A Little Taste Of My Work Day

Wednesday, April 22, 2009 12:46 | 298 views
Posted in category Funny, Work

Cars vs. Computers part 1

General Motors doesn’t have a “help line” for people who don’t know how to drive, because people don’t buy cars like they buy computers — but imagine if they did…

HELPLINE: “General Motors HelpLine, how can I help you?”

CUSTOMER: “I got in my car and closed the door, and nothing happened!”

HELPLINE: “Did you put the key in the ignition slot and turn it?”

CUSTOMER: “What’s an ignition?”

HELPLINE: “It’s a starter motor that draws current from your battery and turns over the engine.”
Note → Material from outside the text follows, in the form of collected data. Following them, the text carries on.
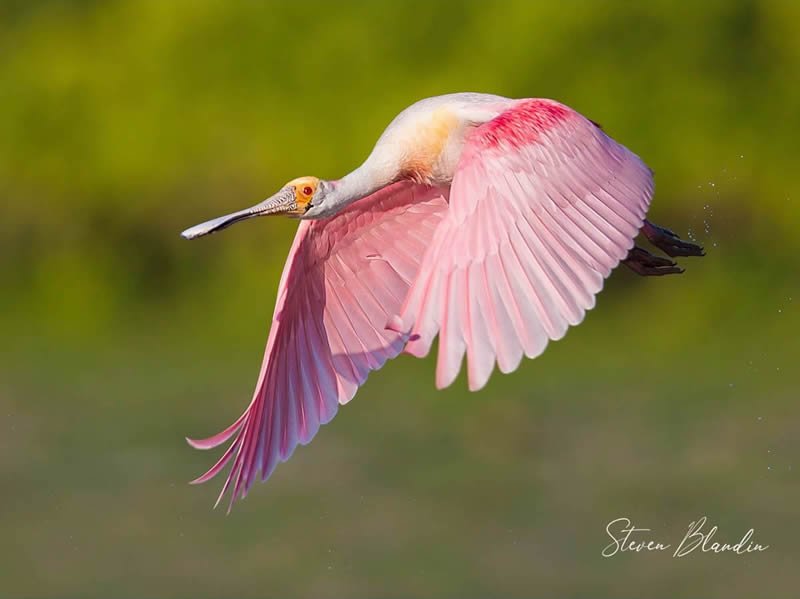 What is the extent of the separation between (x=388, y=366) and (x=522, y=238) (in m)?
4.94

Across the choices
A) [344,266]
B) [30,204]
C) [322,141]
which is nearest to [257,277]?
[322,141]

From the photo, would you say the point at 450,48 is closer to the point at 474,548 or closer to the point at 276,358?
the point at 474,548

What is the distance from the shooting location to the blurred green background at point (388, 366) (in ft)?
25.3

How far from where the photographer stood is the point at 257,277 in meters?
10.1

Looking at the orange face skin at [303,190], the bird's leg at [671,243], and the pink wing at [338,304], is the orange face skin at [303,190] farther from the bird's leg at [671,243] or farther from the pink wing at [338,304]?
the bird's leg at [671,243]

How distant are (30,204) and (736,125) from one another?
3.93 m

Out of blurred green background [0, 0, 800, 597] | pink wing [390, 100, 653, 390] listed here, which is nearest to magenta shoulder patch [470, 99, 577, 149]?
pink wing [390, 100, 653, 390]

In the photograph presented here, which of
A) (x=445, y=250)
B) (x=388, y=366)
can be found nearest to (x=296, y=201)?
(x=445, y=250)

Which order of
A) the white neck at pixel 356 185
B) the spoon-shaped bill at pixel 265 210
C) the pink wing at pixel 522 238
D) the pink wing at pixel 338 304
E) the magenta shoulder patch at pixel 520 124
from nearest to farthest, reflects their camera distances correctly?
1. the pink wing at pixel 522 238
2. the magenta shoulder patch at pixel 520 124
3. the spoon-shaped bill at pixel 265 210
4. the white neck at pixel 356 185
5. the pink wing at pixel 338 304

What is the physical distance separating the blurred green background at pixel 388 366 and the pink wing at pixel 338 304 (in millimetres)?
1962

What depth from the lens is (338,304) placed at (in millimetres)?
5711

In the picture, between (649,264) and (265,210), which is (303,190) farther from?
(649,264) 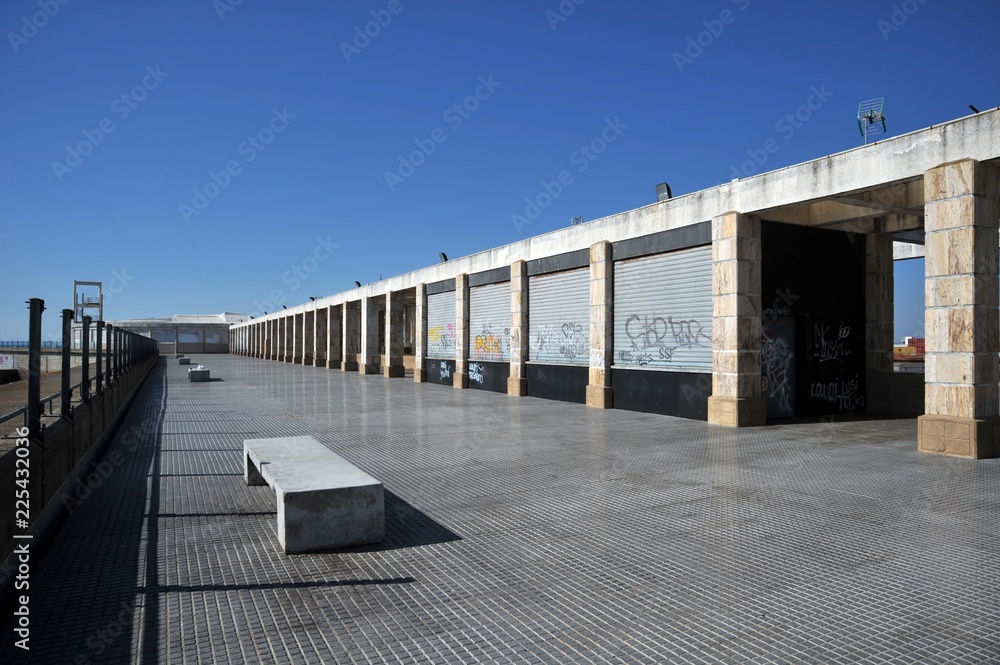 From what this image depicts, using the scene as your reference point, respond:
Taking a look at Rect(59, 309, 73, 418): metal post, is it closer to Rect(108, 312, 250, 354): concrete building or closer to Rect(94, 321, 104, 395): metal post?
Rect(94, 321, 104, 395): metal post

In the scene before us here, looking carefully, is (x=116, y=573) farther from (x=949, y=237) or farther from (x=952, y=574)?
(x=949, y=237)

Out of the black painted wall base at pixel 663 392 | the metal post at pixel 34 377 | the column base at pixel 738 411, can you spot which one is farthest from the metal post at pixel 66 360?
the black painted wall base at pixel 663 392

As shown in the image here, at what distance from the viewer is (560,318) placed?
19859mm

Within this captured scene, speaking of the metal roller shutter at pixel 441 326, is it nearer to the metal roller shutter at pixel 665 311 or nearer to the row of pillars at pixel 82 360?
the metal roller shutter at pixel 665 311

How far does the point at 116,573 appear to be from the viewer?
4.89 meters

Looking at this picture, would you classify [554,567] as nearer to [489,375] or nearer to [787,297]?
[787,297]

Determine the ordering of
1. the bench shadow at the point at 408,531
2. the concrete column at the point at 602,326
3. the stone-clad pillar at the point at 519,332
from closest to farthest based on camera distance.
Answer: the bench shadow at the point at 408,531
the concrete column at the point at 602,326
the stone-clad pillar at the point at 519,332

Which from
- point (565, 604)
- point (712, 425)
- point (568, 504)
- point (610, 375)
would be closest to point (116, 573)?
point (565, 604)

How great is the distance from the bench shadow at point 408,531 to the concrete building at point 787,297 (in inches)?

CUSTOMER: “Ignition? Motor? Battery? Engine? How come I have to know all of these technical terms just to use my car?” 

Cars vs. Computers part 2 

HELPLINE“General Motors HelpLine, how can I help you?” 

CUSTOMER: “My car ran fine for a week, and now it won’t go anywhere!” 

HELPLINE: “Is the gas tank empty?” 

CUSTOMER: “Huh? How do I know!?” 

HELPLINE: “There’s a little gauge on the front panel, with a needle, and markings from ‘E’ to ‘F.’ Where is the needle pointing?” 

CUSTOMER: “It’s pointing to ‘E.’ What does that mean?” 

HELPLINE: “It means that you have to visit a gasoline vendor, and purchase some more gasoline. You can install it yourself, or pay the vendor to install it for you.” 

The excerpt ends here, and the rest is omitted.